Exercise instructions:
Using the records below, give again exactly the lines from the line that contains "Round table covered" through the line that contains "Dziewczynka o kręconych", both ends included, and only those.

Exercise inputs:
-*-
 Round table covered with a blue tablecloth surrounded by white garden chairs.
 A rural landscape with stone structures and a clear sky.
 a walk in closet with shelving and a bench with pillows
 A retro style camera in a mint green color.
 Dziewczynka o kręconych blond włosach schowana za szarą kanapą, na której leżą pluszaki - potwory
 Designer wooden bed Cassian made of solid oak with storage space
-*-
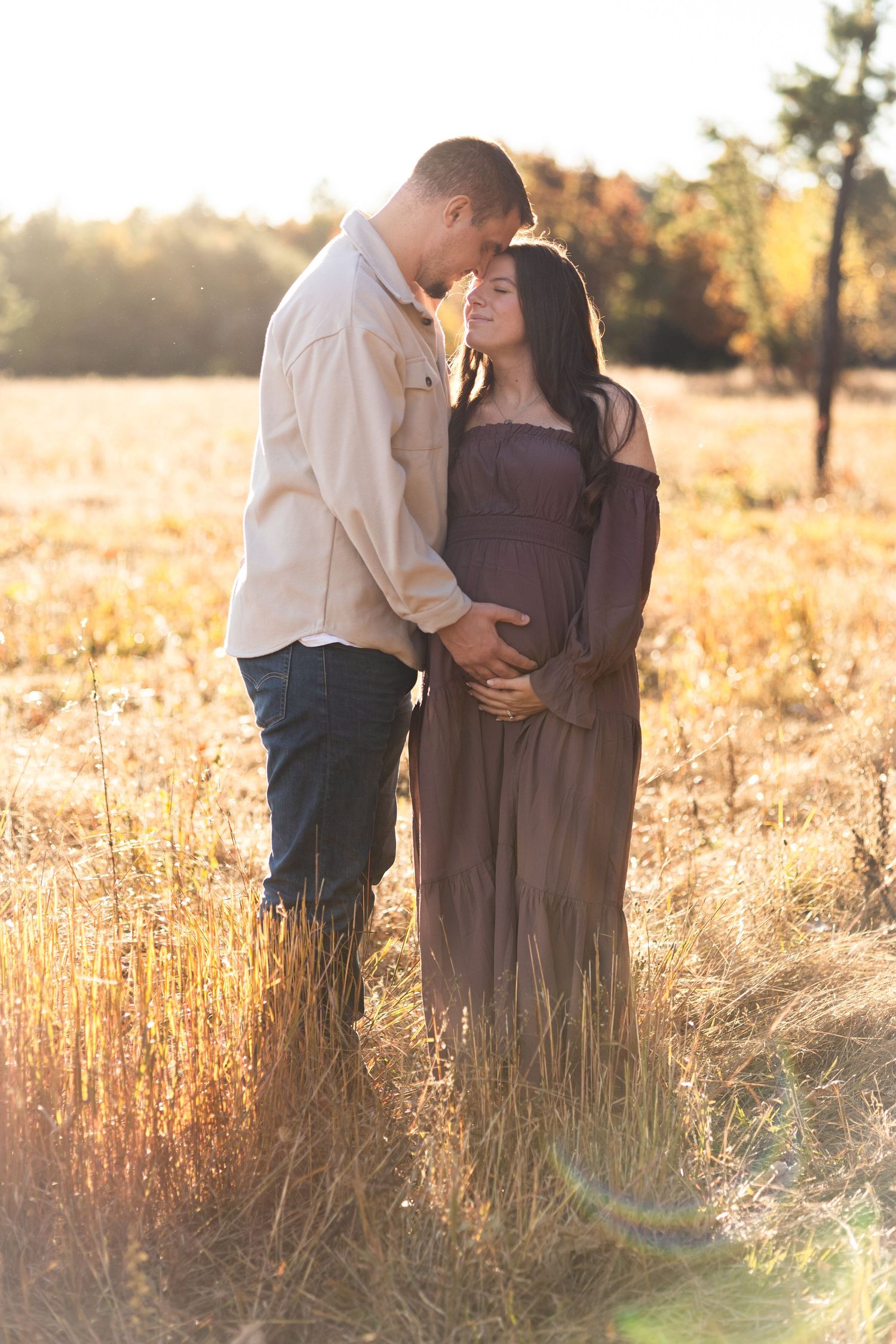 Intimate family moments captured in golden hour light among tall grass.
-*-
Output of the exercise:
 Round table covered with a blue tablecloth surrounded by white garden chairs.
 A rural landscape with stone structures and a clear sky.
 a walk in closet with shelving and a bench with pillows
 A retro style camera in a mint green color.
 Dziewczynka o kręconych blond włosach schowana za szarą kanapą, na której leżą pluszaki - potwory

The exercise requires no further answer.